# Listed records:

"""

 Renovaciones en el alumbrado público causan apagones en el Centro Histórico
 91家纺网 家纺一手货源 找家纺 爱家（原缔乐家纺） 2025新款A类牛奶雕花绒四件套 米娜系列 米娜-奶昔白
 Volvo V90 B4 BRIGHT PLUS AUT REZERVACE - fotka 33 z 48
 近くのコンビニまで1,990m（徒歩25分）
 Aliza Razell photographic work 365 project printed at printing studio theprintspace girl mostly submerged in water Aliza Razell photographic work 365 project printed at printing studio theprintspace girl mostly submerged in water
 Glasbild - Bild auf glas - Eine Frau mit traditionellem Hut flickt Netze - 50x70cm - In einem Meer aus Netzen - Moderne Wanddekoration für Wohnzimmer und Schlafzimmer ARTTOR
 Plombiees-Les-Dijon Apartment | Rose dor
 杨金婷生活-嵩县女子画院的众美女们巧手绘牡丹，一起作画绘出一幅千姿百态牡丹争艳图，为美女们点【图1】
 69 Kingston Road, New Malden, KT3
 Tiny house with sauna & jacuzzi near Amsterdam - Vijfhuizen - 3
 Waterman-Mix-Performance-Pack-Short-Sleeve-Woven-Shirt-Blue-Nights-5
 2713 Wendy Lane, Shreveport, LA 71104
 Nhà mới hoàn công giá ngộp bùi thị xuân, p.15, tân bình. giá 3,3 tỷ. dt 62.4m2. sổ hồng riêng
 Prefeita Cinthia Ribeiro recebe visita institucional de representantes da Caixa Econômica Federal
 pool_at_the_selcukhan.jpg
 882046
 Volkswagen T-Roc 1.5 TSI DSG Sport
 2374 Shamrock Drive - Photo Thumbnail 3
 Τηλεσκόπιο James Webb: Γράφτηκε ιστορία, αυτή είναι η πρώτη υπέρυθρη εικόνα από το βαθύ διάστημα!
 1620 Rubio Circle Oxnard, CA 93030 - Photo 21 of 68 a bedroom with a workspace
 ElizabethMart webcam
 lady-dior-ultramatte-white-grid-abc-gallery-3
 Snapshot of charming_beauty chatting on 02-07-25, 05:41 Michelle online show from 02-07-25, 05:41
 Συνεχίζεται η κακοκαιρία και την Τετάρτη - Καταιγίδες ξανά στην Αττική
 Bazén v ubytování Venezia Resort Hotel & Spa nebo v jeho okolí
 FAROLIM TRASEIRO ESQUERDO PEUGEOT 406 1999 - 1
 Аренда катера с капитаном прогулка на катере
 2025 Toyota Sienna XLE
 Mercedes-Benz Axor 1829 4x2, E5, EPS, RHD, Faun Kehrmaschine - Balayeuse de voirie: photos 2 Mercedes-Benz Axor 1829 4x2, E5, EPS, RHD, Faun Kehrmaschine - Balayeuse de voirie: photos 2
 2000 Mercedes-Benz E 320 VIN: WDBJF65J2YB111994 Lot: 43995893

"""

# Work request:
A complete, exact transcription of the records is needed.

# Answer area:
 Renovaciones en el alumbrado público causan apagones en el Centro Histórico
 91家纺网 家纺一手货源 找家纺 爱家（原缔乐家纺） 2025新款A类牛奶雕花绒四件套 米娜系列 米娜-奶昔白
 Volvo V90 B4 BRIGHT PLUS AUT REZERVACE - fotka 33 z 48
 近くのコンビニまで1,990m（徒歩25分）
 Aliza Razell photographic work 365 project printed at printing studio theprintspace girl mostly submerged in water Aliza Razell photographic work 365 project printed at printing studio theprintspace girl mostly submerged in water
 Glasbild - Bild auf glas - Eine Frau mit traditionellem Hut flickt Netze - 50x70cm - In einem Meer aus Netzen - Moderne Wanddekoration für Wohnzimmer und Schlafzimmer ARTTOR
 Plombiees-Les-Dijon Apartment | Rose dor
 杨金婷生活-嵩县女子画院的众美女们巧手绘牡丹，一起作画绘出一幅千姿百态牡丹争艳图，为美女们点【图1】
 69 Kingston Road, New Malden, KT3
 Tiny house with sauna & jacuzzi near Amsterdam - Vijfhuizen - 3
 Waterman-Mix-Performance-Pack-Short-Sleeve-Woven-Shirt-Blue-Nights-5
 2713 Wendy Lane, Shreveport, LA 71104
 Nhà mới hoàn công giá ngộp bùi thị xuân, p.15, tân bình. giá 3,3 tỷ. dt 62.4m2. sổ hồng riêng
 Prefeita Cinthia Ribeiro recebe visita institucional de representantes da Caixa Econômica Federal
 pool_at_the_selcukhan.jpg
 882046
 Volkswagen T-Roc 1.5 TSI DSG Sport
 2374 Shamrock Drive - Photo Thumbnail 3
 Τηλεσκόπιο James Webb: Γράφτηκε ιστορία, αυτή είναι η πρώτη υπέρυθρη εικόνα από το βαθύ διάστημα!
 1620 Rubio Circle Oxnard, CA 93030 - Photo 21 of 68 a bedroom with a workspace
 ElizabethMart webcam
 lady-dior-ultramatte-white-grid-abc-gallery-3
 Snapshot of charming_beauty chatting on 02-07-25, 05:41 Michelle online show from 02-07-25, 05:41
 Συνεχίζεται η κακοκαιρία και την Τετάρτη - Καταιγίδες ξανά στην Αττική
 Bazén v ubytování Venezia Resort Hotel & Spa nebo v jeho okolí
 FAROLIM TRASEIRO ESQUERDO PEUGEOT 406 1999 - 1
 Аренда катера с капитаном прогулка на катере
 2025 Toyota Sienna XLE
 Mercedes-Benz Axor 1829 4x2, E5, EPS, RHD, Faun Kehrmaschine - Balayeuse de voirie: photos 2 Mercedes-Benz Axor 1829 4x2, E5, EPS, RHD, Faun Kehrmaschine - Balayeuse de voirie: photos 2
 2000 Mercedes-Benz E 320 VIN: WDBJF65J2YB111994 Lot: 43995893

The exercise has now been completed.